Would install Jinja2-3.1.4 MarkupSafe-2.1.5 PyJWT-2.8.0 PyYAML-6.0.1 adlfs-2023.8.0 aiohttp-3.9.5 aiosignal-1.3.1 async-timeout-4.0.3 attrs-23.2.0 azure-core-1.30.2 azure-datalake-store-0.0.53 azure-identity-1.16.1 azure-storage-blob-12.20.0 bokeh-3.4.1 cachetools-5.3.3 certifi-2024.6.2 cffi-1.16.0 charset-normalizer-3.3.2 click-8.1.7 cloudpickle-3.0.0 contourpy-1.2.1 cryptography-42.0.8 dask-2021.12.0 decorator-5.1.1 distributed-2021.12.0 frozenlist-1.4.1 fsspec-2023.1.0 gcsfs-2023.1.0 google-api-core-2.19.0 google-auth-2.30.0 google-auth-oauthlib-1.2.0 google-cloud-core-2.4.1 google-cloud-storage-2.17.0 google-crc32c-1.5.0 google-resumable-media-2.7.1 googleapis-common-protos-1.63.1 idna-3.7 isodate-0.6.1 locket-1.0.0 msal-1.28.1 msal-extensions-1.1.0 msgpack-1.0.8 multidict-6.0.5 numpy-1.26.4 oauthlib-3.2.2 packaging-24.1 pandas-2.2.2 partd-1.4.2 pillow-10.3.0 portalocker-2.8.2 proto-plus-1.23.0 protobuf-4.25.3 psutil-5.9.8 pyasn1-0.6.0 pyasn1_modules-0.4.0 pycparser-2.22 python-dateutil-2.9.0.post0 pytz-2024.1 requests-2.32.3 requests-oauthlib-2.0.0 rsa-4.9 setuptools-70.0.0 six-1.16.0 sortedcontainers-2.4.0 tblib-3.0.0 toolz-0.12.1 tornado-6.4.1 typing_extensions-4.12.2 tzdata-2024.1 urllib3-2.2.1 xyzservices-2024.6.0 yarl-1.9.4 zict-3.0.0

pradyunsg commented 5 days ago

@notatallshaw IIUC, this has been fixed in resolvelib and we need to pull in that fix here?

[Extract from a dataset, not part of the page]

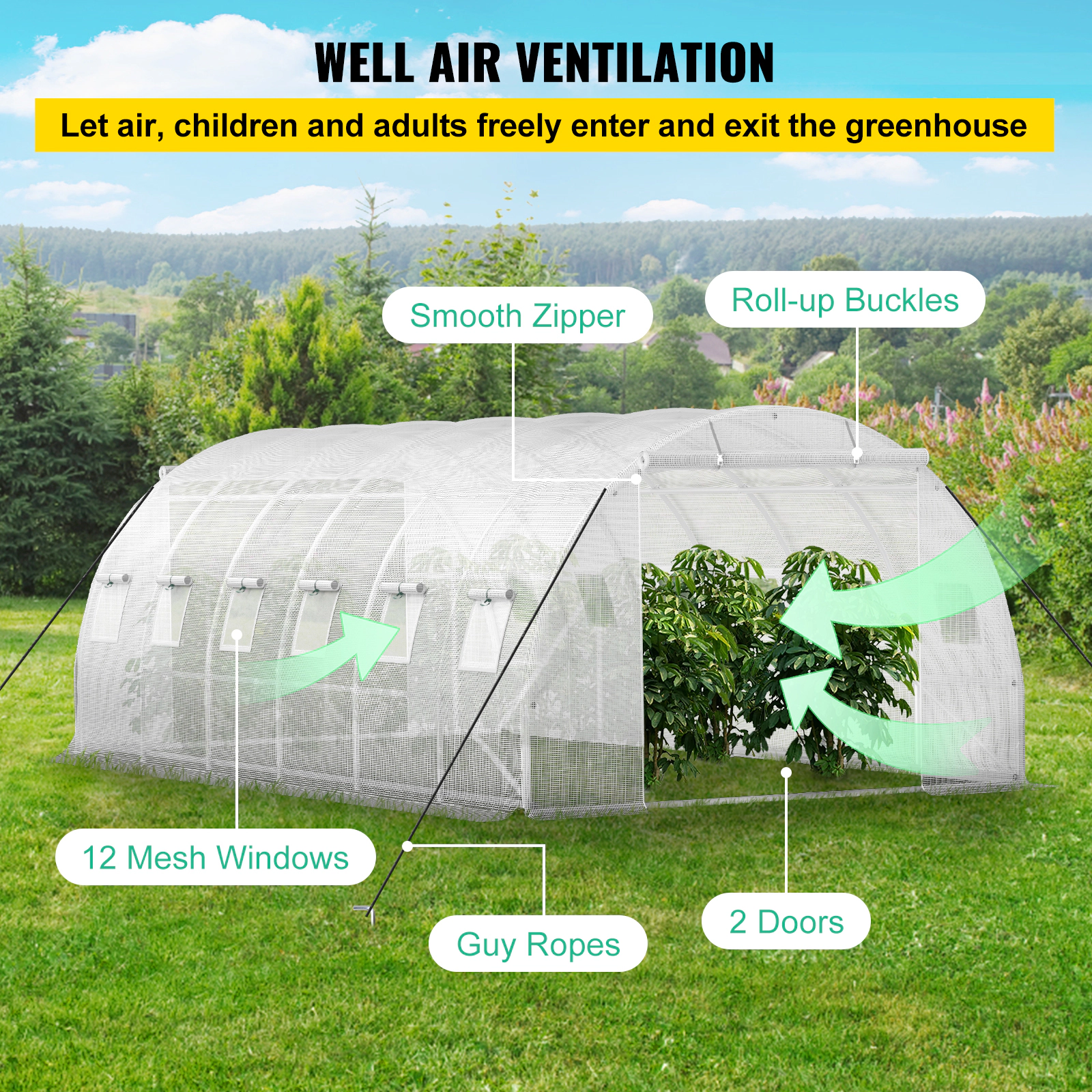HONGGE Walk-in Tunnel Greenhouse 20 x 10 x 7 ft Portable Plant Hot House with Galvanized Steel Hoops 3 Top Beams
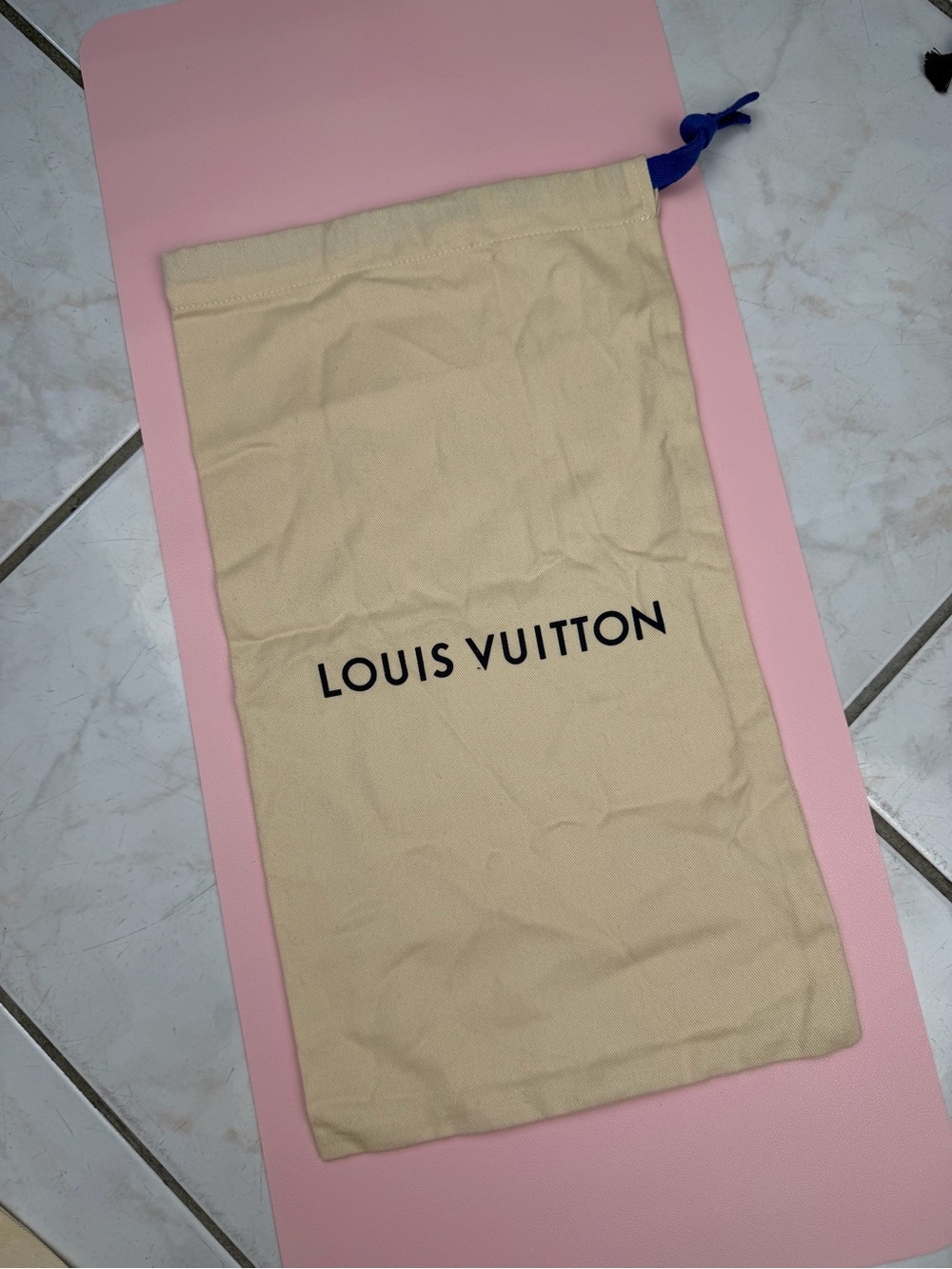 Louis Vuitton Cream Canvas Dust Pouch with Blue Drawstring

notatallshaw commented 5 days ago

No, this is an example of a requirement not fixed by the fallback implemented in resolvelib.

Either, backjumping needs to be removed (or made optional) to fix this, or we go with https://github.com/sarugaku/resolvelib/issues/134#issuecomment-2180745024 and document the provider needs to behave in a certain way, and then we will need to update the pip provider to comply.

I am working on a PR on the resolvelib side to document this behavior, and give an example with a test provider, and then we'll see where we go from there.